One objective in the first few minutes of your presentation is to tackle enemy #1 in the room. Who is it? It’s the smartphone that everyone carries.

It happens so often: people come into the room, they sit down, and take out their phone. One last check before the meeting to see if something ‘important’ is happening. Often, the speaker starts while people still have the phone in their hand. Right from the beginning, you are competing with everyone’s phone for attention. You all know, it’s a tough competition. What’s your strategy? Ignore it? Hope every puts the phone away? Address it head on and risk annoying the audience – and implicitly admit that you won’t ‘win’ because you have a great program?
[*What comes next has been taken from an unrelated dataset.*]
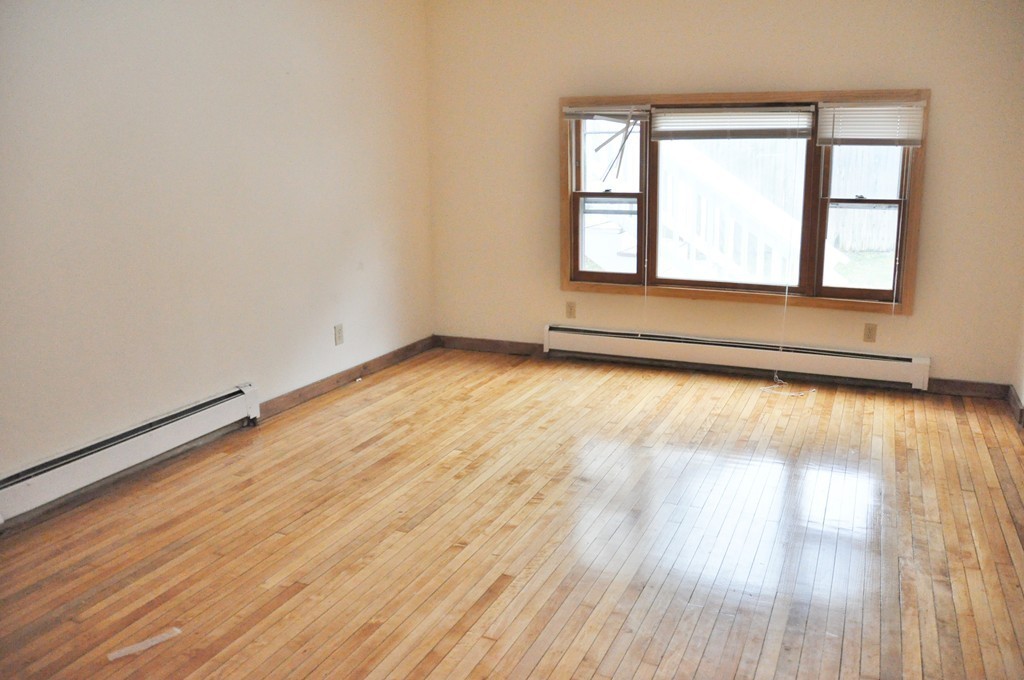 8-10 Bennington Street Newton, MA 02458 - Photo 21 of 22 an empty room with wooden floor and windows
It’s a competition you should settle right away – and you need to keep winning it during the presentation. In a presentation skills program, we practice several graceful ways to get attention and keep it. Here are a couple of ideas that you can try out:

  • You can ask people to put the phone away. Many speakers use this approach. The benefit it that it’s direct, upfront and usually effective at the beginning of the program. (I admit, it’s far from being my favorite. I don’t want to be that blunt and I prefer my audience to want to put the phone away, instead of to have to put it away.)

 

  • For a longer presentation, such as a training program, you may cover ‘ground rules’. You can talk about it at that point. Instead of saying ‘let’s put our phones away’, I prefer an approach where you encourage the audience to be fully present to whatever is most important to them. If it means that the phone is more important, tell them they are more focused if they leave the room briefly and attend to whatever came up. Make it about presence and focus instead of the phone.

 

  • A highly preferred option is when you get the audience to put the phone away without telling them. Here is how it works: right at the beginning, use a slide that people have to look at in order to understand what’s happening. This is not a slide that is redundant to what you’re saying. (No slide should be redundant to what you’re saying, and here in this case, it defeats the whole purpose). You say something that introduces the slide, and make it explicit that the audience has to read it. Something like “our objective is here on the slide, and it’s much clearer when you all read it” – then pause and let people read. Don’t read it out loud. It causes silence in the room, and the ones who are focused on their phone wonder what’s going on, pay more attention and put the phone away.

 

  • A variation of the previous option is my absolute favorite: have a couple of funny slides upfront as part of a short introduction. When the entire room starts laughing, the people who look at the phone don’t get the joke. They don’t want this to happen again, so they put the phone away. It works like a charm – and you don’t have to say anything about phones. You just won against enemy #1 and you made yourself more likable to the audience. (Just in case you’re wondering: yes, this can also be done for a technical presentation and yes, it can be done for executive and senior audiences).